- **EXERCISE**
Search term "Unique": copy each line of the records that contains it.

- **SOURCE MATERIAL**
=====
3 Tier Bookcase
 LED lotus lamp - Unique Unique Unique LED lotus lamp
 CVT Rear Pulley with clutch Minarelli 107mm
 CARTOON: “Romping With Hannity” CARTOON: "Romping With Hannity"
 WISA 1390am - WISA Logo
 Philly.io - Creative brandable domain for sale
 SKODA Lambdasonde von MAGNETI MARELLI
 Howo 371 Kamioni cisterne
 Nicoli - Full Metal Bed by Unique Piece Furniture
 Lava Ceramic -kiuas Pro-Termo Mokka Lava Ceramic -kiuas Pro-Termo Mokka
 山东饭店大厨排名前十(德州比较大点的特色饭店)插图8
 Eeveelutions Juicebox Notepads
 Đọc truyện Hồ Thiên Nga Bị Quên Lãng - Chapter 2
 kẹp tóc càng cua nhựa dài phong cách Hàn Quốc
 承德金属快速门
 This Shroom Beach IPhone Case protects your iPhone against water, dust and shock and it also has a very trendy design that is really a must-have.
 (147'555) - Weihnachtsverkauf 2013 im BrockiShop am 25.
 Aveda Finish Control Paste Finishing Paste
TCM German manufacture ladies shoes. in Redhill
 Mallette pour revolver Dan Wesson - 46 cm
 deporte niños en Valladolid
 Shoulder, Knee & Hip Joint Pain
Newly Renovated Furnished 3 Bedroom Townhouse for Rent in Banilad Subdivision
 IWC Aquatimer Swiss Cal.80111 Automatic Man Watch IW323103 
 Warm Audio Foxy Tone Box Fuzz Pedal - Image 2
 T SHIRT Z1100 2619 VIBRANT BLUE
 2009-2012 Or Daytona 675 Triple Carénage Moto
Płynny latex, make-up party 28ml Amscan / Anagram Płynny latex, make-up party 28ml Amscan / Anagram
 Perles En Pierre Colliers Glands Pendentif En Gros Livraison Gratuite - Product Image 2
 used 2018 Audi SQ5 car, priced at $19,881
=====
- **RESPONSE TO THE TASK**
 LED lotus lamp - Unique Unique Unique LED lotus lamp
 Nicoli - Full Metal Bed by Unique Piece Furniture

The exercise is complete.